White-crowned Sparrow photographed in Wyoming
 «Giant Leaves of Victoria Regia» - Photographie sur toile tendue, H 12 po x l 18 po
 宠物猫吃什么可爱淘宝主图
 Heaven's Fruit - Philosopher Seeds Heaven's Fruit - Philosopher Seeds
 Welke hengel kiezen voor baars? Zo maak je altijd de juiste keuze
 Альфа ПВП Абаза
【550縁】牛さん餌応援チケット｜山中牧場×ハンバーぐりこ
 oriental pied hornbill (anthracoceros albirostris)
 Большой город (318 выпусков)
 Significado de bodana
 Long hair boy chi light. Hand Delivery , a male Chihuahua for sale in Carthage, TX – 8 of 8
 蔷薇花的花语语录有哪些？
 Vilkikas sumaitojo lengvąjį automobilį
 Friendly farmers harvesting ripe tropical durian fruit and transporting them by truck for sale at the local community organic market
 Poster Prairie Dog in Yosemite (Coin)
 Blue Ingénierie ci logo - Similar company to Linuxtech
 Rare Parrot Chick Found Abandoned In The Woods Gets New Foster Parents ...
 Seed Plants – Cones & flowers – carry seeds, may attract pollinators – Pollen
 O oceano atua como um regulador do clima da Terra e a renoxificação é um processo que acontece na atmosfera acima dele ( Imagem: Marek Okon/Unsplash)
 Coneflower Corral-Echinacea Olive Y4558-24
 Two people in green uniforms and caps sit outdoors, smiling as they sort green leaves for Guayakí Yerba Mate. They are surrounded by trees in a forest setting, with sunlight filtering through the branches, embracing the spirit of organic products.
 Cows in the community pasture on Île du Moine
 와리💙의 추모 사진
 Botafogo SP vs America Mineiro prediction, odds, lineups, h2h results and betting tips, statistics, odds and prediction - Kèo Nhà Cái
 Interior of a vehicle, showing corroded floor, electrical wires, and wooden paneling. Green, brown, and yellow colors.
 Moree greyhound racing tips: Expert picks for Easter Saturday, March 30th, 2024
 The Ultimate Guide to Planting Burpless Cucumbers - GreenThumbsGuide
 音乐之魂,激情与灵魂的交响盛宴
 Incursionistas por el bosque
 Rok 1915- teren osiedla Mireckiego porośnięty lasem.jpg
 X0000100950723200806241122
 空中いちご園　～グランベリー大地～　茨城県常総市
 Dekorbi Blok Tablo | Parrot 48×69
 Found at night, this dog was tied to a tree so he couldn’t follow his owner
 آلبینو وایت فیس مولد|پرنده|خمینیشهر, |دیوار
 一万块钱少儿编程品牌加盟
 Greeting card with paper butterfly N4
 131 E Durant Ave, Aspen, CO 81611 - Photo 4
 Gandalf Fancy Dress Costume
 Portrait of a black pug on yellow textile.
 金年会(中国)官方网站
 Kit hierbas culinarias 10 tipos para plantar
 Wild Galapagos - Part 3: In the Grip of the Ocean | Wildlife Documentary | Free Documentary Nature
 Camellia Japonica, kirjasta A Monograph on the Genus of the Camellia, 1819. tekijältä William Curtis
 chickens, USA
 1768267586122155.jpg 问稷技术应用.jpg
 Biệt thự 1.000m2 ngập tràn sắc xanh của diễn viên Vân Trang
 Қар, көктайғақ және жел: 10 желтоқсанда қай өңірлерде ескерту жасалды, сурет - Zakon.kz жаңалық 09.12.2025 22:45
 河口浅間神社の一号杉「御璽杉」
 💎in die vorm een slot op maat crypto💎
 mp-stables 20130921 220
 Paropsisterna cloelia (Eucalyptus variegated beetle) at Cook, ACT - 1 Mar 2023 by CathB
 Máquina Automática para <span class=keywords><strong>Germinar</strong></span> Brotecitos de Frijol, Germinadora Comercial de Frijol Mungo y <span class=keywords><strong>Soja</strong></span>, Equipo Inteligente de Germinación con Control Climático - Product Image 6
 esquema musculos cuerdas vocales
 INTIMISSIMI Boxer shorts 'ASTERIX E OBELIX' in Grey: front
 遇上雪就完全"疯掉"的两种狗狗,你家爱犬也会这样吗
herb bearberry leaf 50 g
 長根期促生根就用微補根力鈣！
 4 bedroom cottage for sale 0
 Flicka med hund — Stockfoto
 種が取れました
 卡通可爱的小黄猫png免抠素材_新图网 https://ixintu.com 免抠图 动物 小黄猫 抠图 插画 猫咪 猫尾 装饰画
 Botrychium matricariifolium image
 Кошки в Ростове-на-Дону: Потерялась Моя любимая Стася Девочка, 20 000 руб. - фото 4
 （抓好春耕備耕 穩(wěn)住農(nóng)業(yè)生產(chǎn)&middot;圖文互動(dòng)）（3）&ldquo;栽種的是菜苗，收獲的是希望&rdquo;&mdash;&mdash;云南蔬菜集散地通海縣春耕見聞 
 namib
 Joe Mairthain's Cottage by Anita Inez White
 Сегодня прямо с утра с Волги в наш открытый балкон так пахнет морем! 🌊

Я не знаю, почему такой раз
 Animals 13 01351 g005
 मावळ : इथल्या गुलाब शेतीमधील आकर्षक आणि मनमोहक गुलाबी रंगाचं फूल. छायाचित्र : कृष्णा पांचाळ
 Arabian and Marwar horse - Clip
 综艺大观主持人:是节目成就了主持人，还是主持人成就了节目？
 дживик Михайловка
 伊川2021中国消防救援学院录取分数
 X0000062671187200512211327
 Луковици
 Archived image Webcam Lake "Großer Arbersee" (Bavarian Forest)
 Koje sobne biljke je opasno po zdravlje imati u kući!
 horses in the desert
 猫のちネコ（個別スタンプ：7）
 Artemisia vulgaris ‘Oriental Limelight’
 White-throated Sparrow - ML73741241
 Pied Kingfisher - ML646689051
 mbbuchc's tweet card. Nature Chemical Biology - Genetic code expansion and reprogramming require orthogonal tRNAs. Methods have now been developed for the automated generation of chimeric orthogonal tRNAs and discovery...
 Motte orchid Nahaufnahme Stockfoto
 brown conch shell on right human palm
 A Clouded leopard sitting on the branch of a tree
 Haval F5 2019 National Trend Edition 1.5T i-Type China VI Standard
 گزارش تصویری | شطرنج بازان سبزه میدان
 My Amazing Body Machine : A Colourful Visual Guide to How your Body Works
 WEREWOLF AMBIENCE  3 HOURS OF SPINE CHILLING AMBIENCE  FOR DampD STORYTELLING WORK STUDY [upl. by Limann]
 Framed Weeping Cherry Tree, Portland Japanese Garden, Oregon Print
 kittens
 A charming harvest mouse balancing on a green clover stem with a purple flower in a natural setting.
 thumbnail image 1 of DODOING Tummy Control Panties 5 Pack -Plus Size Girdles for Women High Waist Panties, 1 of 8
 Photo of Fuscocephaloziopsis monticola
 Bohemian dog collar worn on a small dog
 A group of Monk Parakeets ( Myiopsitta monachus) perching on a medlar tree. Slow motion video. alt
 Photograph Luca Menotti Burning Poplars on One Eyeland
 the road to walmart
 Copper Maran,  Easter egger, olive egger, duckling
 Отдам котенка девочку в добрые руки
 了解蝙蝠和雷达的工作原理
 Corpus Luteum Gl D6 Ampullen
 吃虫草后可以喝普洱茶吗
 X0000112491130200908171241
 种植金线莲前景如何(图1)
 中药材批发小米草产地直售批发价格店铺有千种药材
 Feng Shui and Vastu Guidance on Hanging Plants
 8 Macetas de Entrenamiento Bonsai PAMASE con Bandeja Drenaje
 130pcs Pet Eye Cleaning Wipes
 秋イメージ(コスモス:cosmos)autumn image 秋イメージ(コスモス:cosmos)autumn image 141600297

┄┄┄┄┄┄┄┄┄┄

◆ **Instructions to follow**: The required answer is the run of lines above, starting at the line with "Found at night, this" and ending at the line with "Paropsisterna cloelia (Eucalyptus", reproduced exactly with both ends.

◆ **Answer box**:
 Found at night, this dog was tied to a tree so he couldn’t follow his owner
 آلبینو وایت فیس مولد|پرنده|خمینیشهر, |دیوار
 一万块钱少儿编程品牌加盟
 Greeting card with paper butterfly N4
 131 E Durant Ave, Aspen, CO 81611 - Photo 4
 Gandalf Fancy Dress Costume
 Portrait of a black pug on yellow textile.
 金年会(中国)官方网站
 Kit hierbas culinarias 10 tipos para plantar
 Wild Galapagos - Part 3: In the Grip of the Ocean | Wildlife Documentary | Free Documentary Nature
 Camellia Japonica, kirjasta A Monograph on the Genus of the Camellia, 1819. tekijältä William Curtis
 chickens, USA
 1768267586122155.jpg 问稷技术应用.jpg
 Biệt thự 1.000m2 ngập tràn sắc xanh của diễn viên Vân Trang
 Қар, көктайғақ және жел: 10 желтоқсанда қай өңірлерде ескерту жасалды, сурет - Zakon.kz жаңалық 09.12.2025 22:45
 河口浅間神社の一号杉「御璽杉」
 💎in die vorm een slot op maat crypto💎
 mp-stables 20130921 220
 Paropsisterna cloelia (Eucalyptus variegated beetle) at Cook, ACT - 1 Mar 2023 by CathB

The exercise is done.